State Champs – ‘Living Proof’

By Gem Rogers

Drop. Everything. Now. Sound the pop punk sirens, dig out your backpack and get your dancing shoes ready (preferably chukkas but we’ll let you off with anything vaguely skate-shaped) – State Champs are back!

It’s only five years since the New York band released debut album ‘The Finer Things’, but in that time they have not only reignited a genre that was being slowly forgotten after its mid-2000s boom, but also started to redefine it as many big-name former pop-punkers step away and explore different sounds. State Champs have shown an incredible knack for bringing the best out of the poppy end of pop punk while still sounding fresh; 2015’s ‘Around The World and Back’ was a masterclass in the genre, but where could they go after such a well-executed sophomore effort? Well, the answer is pretty simple – ‘Living Proof’ is where, and with names like John Feldmann and Mark Hoppus attached, it’s hard not to expect something huge…

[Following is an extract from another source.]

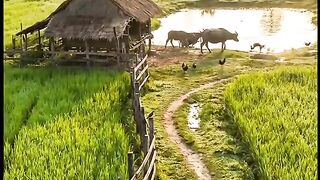 Peaceful Countryside Morning 🌾 | Beautiful Rural Life, Green Rice Fields & Traditional Village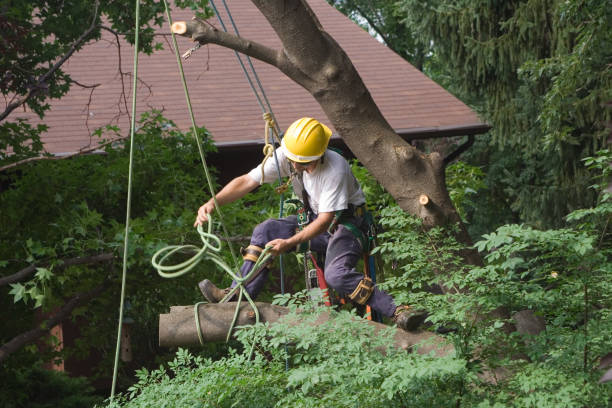 Best Tree Preservation Services  in Corralitos, CA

If you had any doubts about State Champs’ ability to produce another corker of an LP, the opening few seconds will wash them all away – “So what’s it mean / when every dream I have is about you now?” Derek DiScanio’s distinctive vocals blaze on first track ‘Criminal’, digging straight into feelings pretty much everyone has had at some point. The slightly distorted intro bursts into life with bouncy guitars and a steady bass that dip in and out through the song to grant DiScanio the main spotlight – and give real power when the chorus kicks back in.

Big choruses are this band’s specialty, and they definitely aren’t leaving that behind on ‘Living Proof’. Almost every song provides the opportunity for a head back, singalong with all the air available in your lungs moment – these moments are part of what makes their live shows so enjoyable, but they’re also now upping their game in other ways. Second track ‘Frozen’ has a joyously summery riff that begs to stay in your head for days, while lyrically they continue to grow; latest single ‘Our Time To Go’ is a heartrendingly powerful take on difficult times and mental health struggles.

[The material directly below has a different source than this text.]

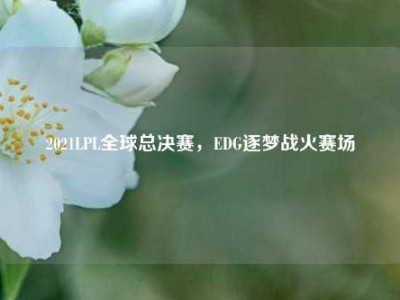 2021LPL全球总决赛，EDG逐梦战火赛场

Slotted early in the album alongside its follow up ‘Crystal Ball’, lead single ‘Dead and Gone’ is an addictive track brimming with the spirit of pop punk – tackling life’s troubles with eternal optimism and plenty of guitar. And the obligatory singalong , naturally. It’s an instant standout track, but far from the only highlight on the album. ‘Lightning’ is sure to be a crowd-pleaser on tour – “I think it’s time to let my eyes stay open / I’m missing out on the point if they’re always closed” – while ‘Something About You’ brings a dose of groove (and an incredible bass line) to the proceedings. ‘Mine Is Gold’ is among the absolute best of their songs; it’s two fingers up to anyone who’s ever wronged you, set to a marching beat and more glorious bass from Ryan Scott Graham. ‘Living Proof’ isn’t short of songs about love and relationships, but it’s songs like this that really shine.

Just when you think you know what they have in store for you, State Champs go ahead and pull the rug out from under everyone’s feet on ‘Time Machine’ as guitars are swapped for keys and a darker mood. At its heart this is a pure ballad with a guest turn on vocals from Mark Hoppus, but it’s also the biggest step away from their ‘classic’ sound yet. Not to worry though; the risk pays off, and the reward is a beautifully soothing wind down after the whirlwind of the eleven tracks it follows.

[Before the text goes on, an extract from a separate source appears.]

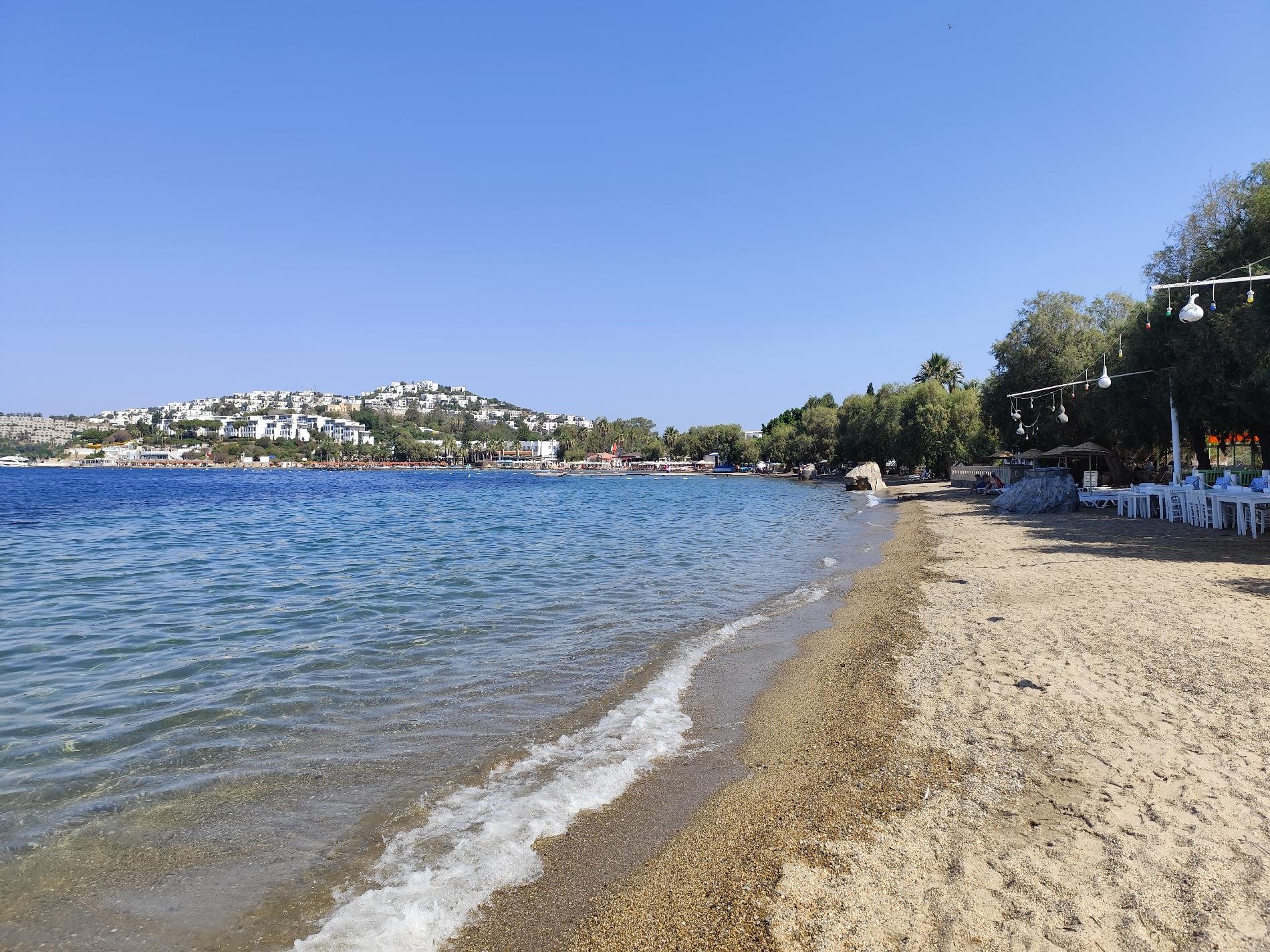 Photo of AVTA Tatil Koyu Iskelesi Plaji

Wisely choosing not to finish on a quiet note, final track ‘Sidelines’ picks the pace back up with a huge, singalong chorus. If it’s mildly infuriating to finish on a fade out, it is at least balanced out by the feeling of having listened to something that will worm its way into your heart and hold on like a vice.

In ‘Living Proof’ State Champs have found a middle ground between the polished sound of their second album and the creativity of their first. There’s not a single bad track in sight – some, like ‘Safe Haven’, do get a little lost in the middle of the strongest songs, but what really stands out is the variety in pace and tone throughout. Not content with just being one of the best bands in their genre, State Champs are showing growth and maturity. It’s more of a gentle prodding at the Jenga tower of pop punk than a crashing change, but they are steadily pushing the boundaries of their sound without abandoning something that, quite frankly, ain’t broke and doesn’t need fixing. The result is an album that is familiar, yet invigoratingly new and altogether wonderful.